Always produces a compile-time error with the zkEVM compiler.
CODESIZE
| Deploy code | Runtime code |
|---|---|
| Size of the constructor arguments | Contract size |
Yul uses a special instruction datasize to distinguish the contract code and constructor arguments, so we
substitute datasize with 0 and codesize with calldatasize in ZKsync Era deployment code. This way when Yul calculates the
calldata size as sub(codesize, datasize), the result is the size of the constructor arguments.
contract Example {
uint256 public deployTimeCodeSize;
uint256 public runTimeCodeSize;
constructor() {
assembly {
deployTimeCodeSize := codesize() // return the size of the constructor arguments
}
}
function getRunTimeCodeSize() external {
assembly {
runTimeCodeSize := codesize() // works as expected
}
}
}
CODECOPY
| Deploy code | Runtime code (old EVM codegen) | Runtime code (new Yul codegen) |
|---|---|---|
| Copies the constructor arguments | Zeroes memory out | Compile-time error |
contract Example {
constructor() {
assembly {
codecopy(0, 0, 32) // behaves as CALLDATACOPY
}
}
function getRunTimeCodeSegment() external {
assembly {
// Behaves as 'memzero' if the compiler is run with the old (EVM assembly) codegen,
// since it is how solc performs this operation there. On the new (Yul) codegen
// `CALLDATACOPY(dest, calldatasize(), 32)` would be generated by solc instead, and
// `CODECOPY` is safe to prohibit in runtime code.
// Produces a compile-time error on the new codegen, as it is not required anywhere else,
// so it is safe to assume that the user wants to read the contract bytecode which is not
// available on zkEVM.
codecopy(0, 0, 32)
}
}
}
EXTCODECOPY
Contract bytecode cannot be accessed on zkEVM architecture. Only its size is accessible with both CODESIZE and EXTCODESIZE.
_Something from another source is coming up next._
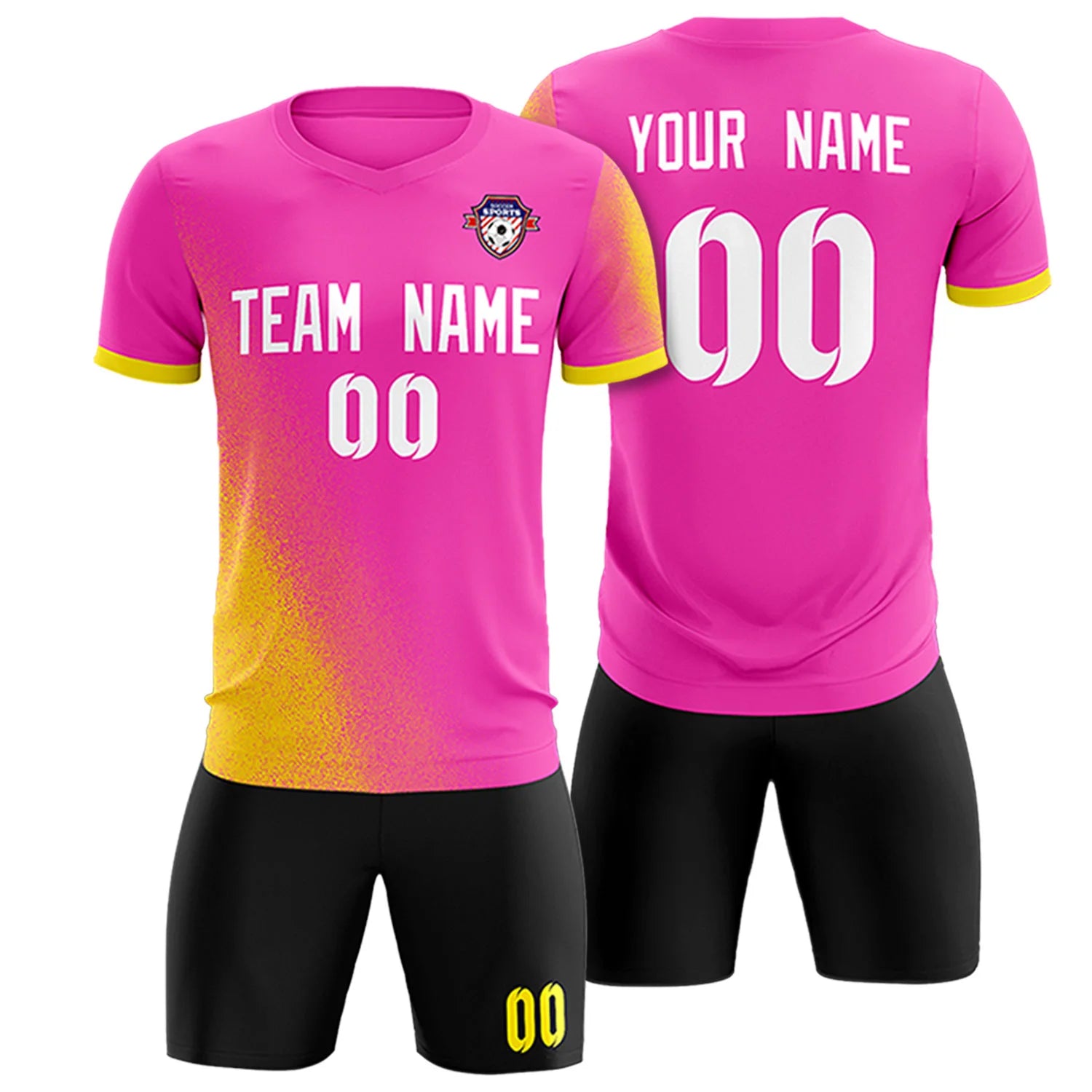 Custom Pink Gold01 Outdoor Sport Soccer Sets Jersey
EXTCODECOPY always produces a compile-time error with the zkEVM compiler.
DATASIZE, DATAOFFSET, DATACOPY
Contract deployment is handled by two parts of the zkEVM protocol: the compiler front end and the system contract called ContractDeployer.
On the compiler front-end the code of the deployed contract is substituted with its hash. The hash is returned by the dataoffset
Yul instruction or the PUSH [$] EVM legacy assembly instruction. The hash is then passed to the datacopy Yul instruction or
the CODECOPY EVM legacy instruction, which writes the hash to the correct position of the calldata of the call to ContractDeployer.
The deployer calldata consists of several elements:
| Element | Offset | Size |
|---|---|---|
| Deployer method signature | 0 | 4 |
| Salt | 4 | 32 |
| Contract hash | 36 | 32 |
| Constructor calldata offset | 68 | 32 |
| Constructor calldata length | 100 | 32 |
| Constructor calldata | 132 | N |
The data can be logically split into header (first 132 bytes) and constructor calldata (the rest).
The header replaces the contract code in the EVM pipeline, whereas the constructor calldata remains unchanged.
For this reason, datasize and PUSH [$] return the header size (132), and the space for constructor arguments is allocated by solc on top of it.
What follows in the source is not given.